#### TASK:
All lines from the one containing "Imagen de uno" through the end of the data below are to be repeated exactly, with pictures left out.

★ ★ ★

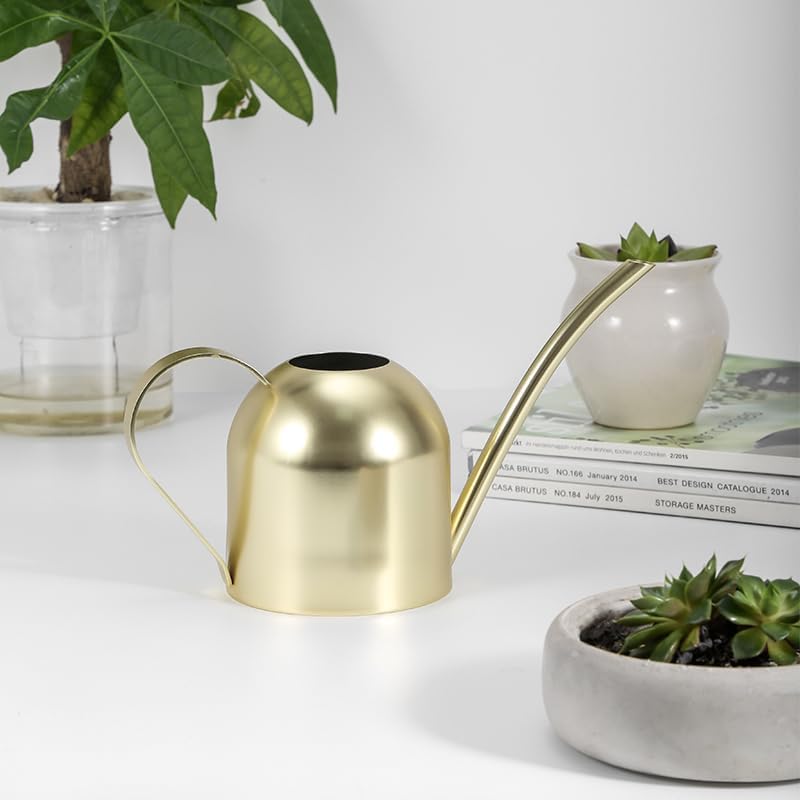 Stainless Steel Water Can for Indoor Plants and Garden (Gold 30 oz) - Image 4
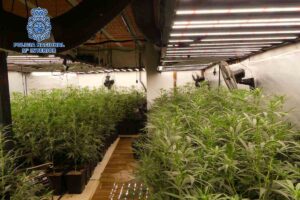 Imagen de uno de los cultivos de marihuana 'indoor' de Talavera.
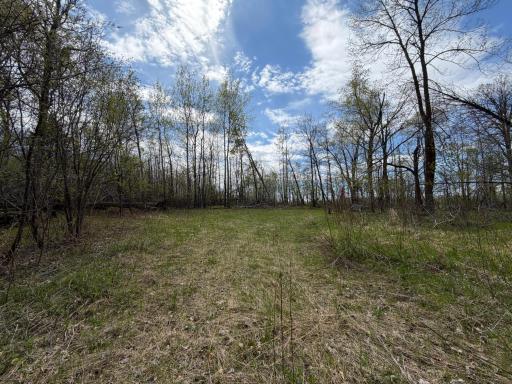 51265 Vagabond Loop, Bemidji, MN 56601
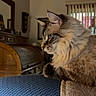 cat, fluffy_cat, blue_eyes, indoor, couch, pillow, furniture, window, vertical_blinds, wooden_desk, roll_top_desk, pet, domestic_animal, side_view, relaxed, cozy, home, feline, mammal, fur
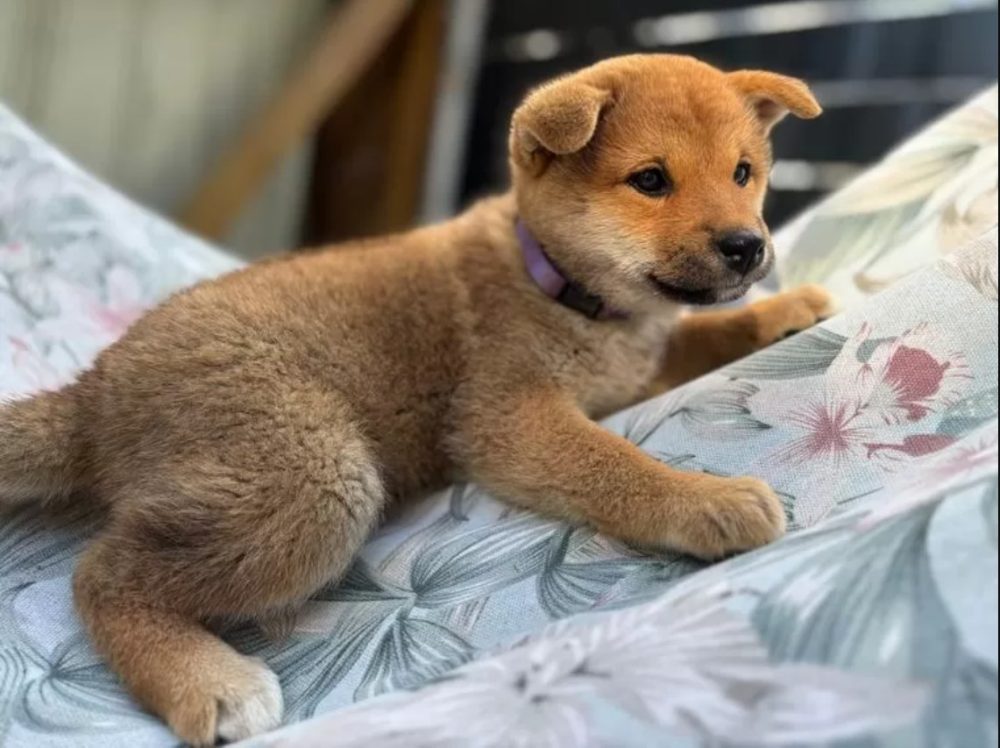 K dispozici krásné štěně Shiba inu – fotografie 2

★ ★ ★

#### RESPONSE BOX:
 Imagen de uno de los cultivos de marihuana 'indoor' de Talavera.
 51265 Vagabond Loop, Bemidji, MN 56601
 cat, fluffy_cat, blue_eyes, indoor, couch, pillow, furniture, window, vertical_blinds, wooden_desk, roll_top_desk, pet, domestic_animal, side_view, relaxed, cozy, home, feline, mammal, fur
 K dispozici krásné štěně Shiba inu – fotografie 2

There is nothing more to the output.